**PROVIDED MATERIAL**:

══════

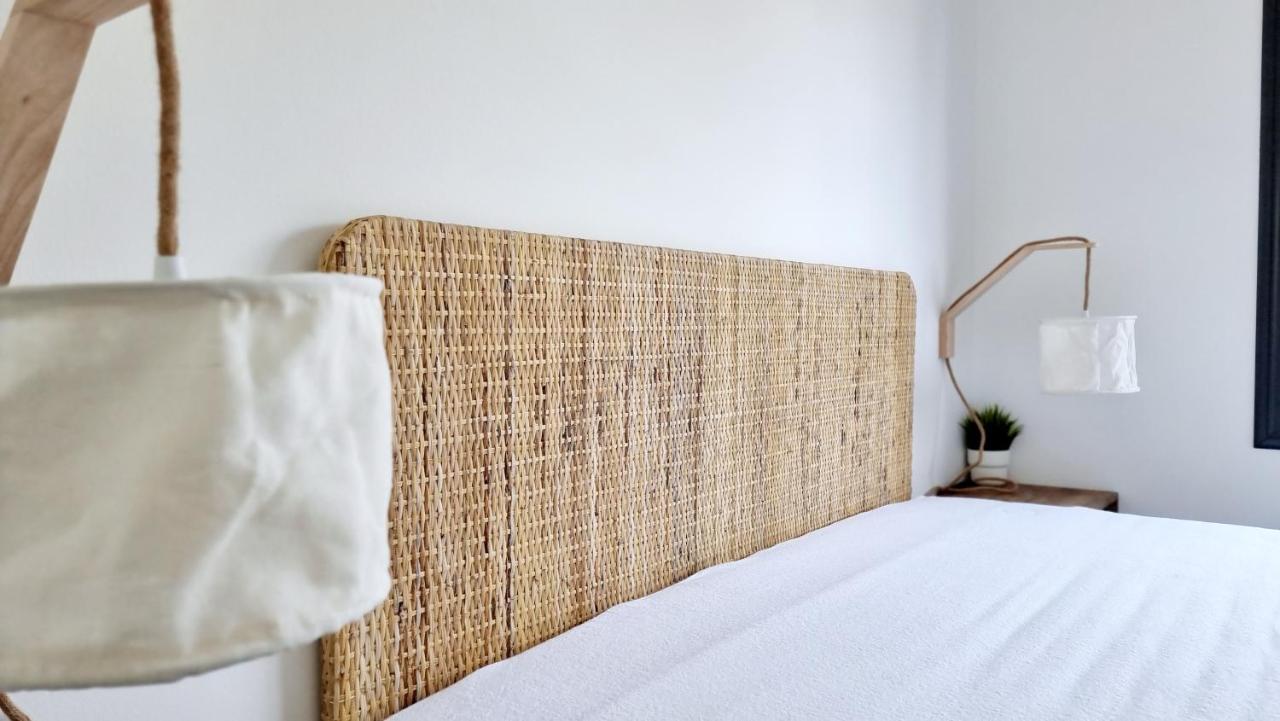 Apartamento diseño con jardín privado a 100 metros del mar Torredembarra Exterior foto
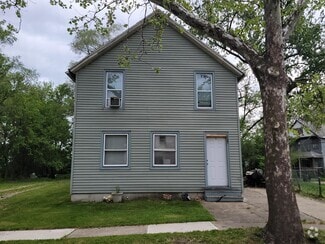 Building Photo - 6215 Carpenter Ave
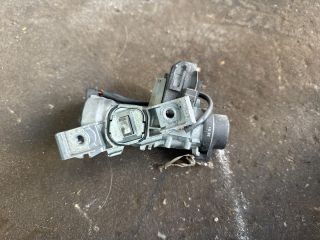 bontott VW JETTA Gyújtáskapcsoló Házzal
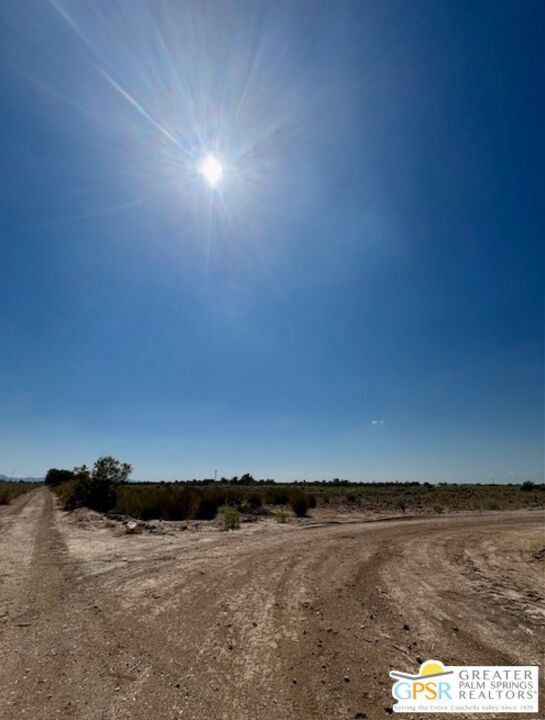 0 Noffsinger, Niland CA: https://media.crmls.org/mediaz/cd64b920-e150-47a6-9b40-db71a0b93994.jpg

══════

**TASK DETAILS**: Verbatim output, no pictures: the line holding "bontott VW JETTA Gyújtáskapcsoló Házzal" and all lines after it through the last line of the material, with nothing else.

**EXERCISE SOLUTION**:
 bontott VW JETTA Gyújtáskapcsoló Házzal
 0 Noffsinger, Niland CA: https://media.crmls.org/mediaz/cd64b920-e150-47a6-9b40-db71a0b93994.jpg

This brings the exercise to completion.